Stimulant Medications: Functions and Types
Children who have moderate to severe difficulties in controlling hyperactive behavior and focusing on tasks can benefit from the positive correlation between Attention Deficit Disorder or ADHD and stimulant medications. While some parents are concerned about the prospect of medicating a young child, the medications used for childhood ADHD are known to be quite effective in improving major symptoms of the disorder. Approved by the FDA for children as young as six years of age (and in the case of Adderall, three years of age), these ADHD medications stimulate neurotransmitters in the brain, resulting in the increased ability to control impulses, remain calm, and complete organized tasks without distraction.
Stimulant medication is normally recommended for ADHD children who have demonstrated behavioral difficulties in both the home and school environment. These medications can be composed of several types of chemicals such as methylphenidate (Ritalin, Concerta, Metadate, and Daytrana), dexmethylphenidate HCl (Focalin), mixed salts amphetamine (Adderall), lisdexamfetamine dimesylate (Vyvanse), and dextroamphetamine sulfate (Dexedrine and Dextrostat). ADHD medications can either be administered to a child in a short-acting or extended release form. Short-acting pills are typically effective for a four-hour period and several doses are taken throughout the day. Extended release pills last between six and twelve hours and are ideal for school-age children as just one dose are taken in the morning.

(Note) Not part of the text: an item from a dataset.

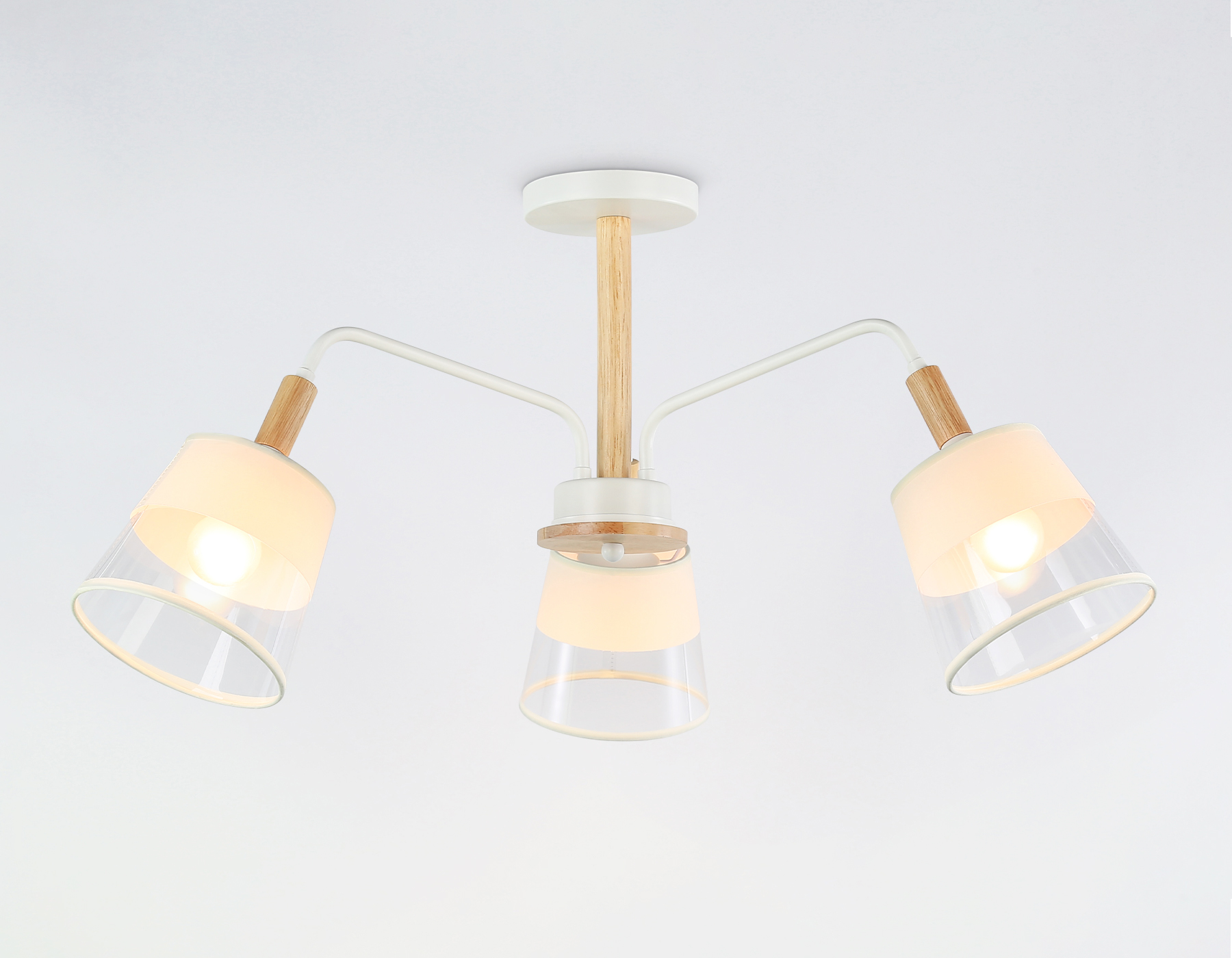 TR4737/3 WH/LW белый/светлое дерево E27/3 max 40W D760*350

Determining the Appropriate Stimulant for an ADHD Child
The medications used for childhood ADHD can produce side effects that vary significantly from person to person, and a trial and error process is sometimes necessary when determining which of the stimulant medications will work best. When prescribing a new medication for a child with ADHD, medical professionals initially offer a low dose that can be increased as needed in order to determine the appropriate level for optimal functioning. Initially, stimulant medications may cause temporary side effects such as headaches or stomach problems while the child’s body adjusts to the drug. Long-term side effects such as decreased appetite, mood swings, or sleep difficulties often indicate that a different form of stimulant medication should be considered.
Children with ADHD who respond well to stimulant medications are able to perform better academically, behaviorally, and socially. These medications can serve as a beneficial tool for balancing chemical levels in the brain. It is important for children to be consistent in taking their medication, though small breaks can sometimes be given on weekends or school holidays.
Researching Attention Deficit Disorder or ADHD and stimulant medications ensures that parents can make an informed decision about their children using this treatment method. Psychiatrists who specialize in childhood ADHD are a valuable resource for those who are interested in learning more about the overall effects of stimulants.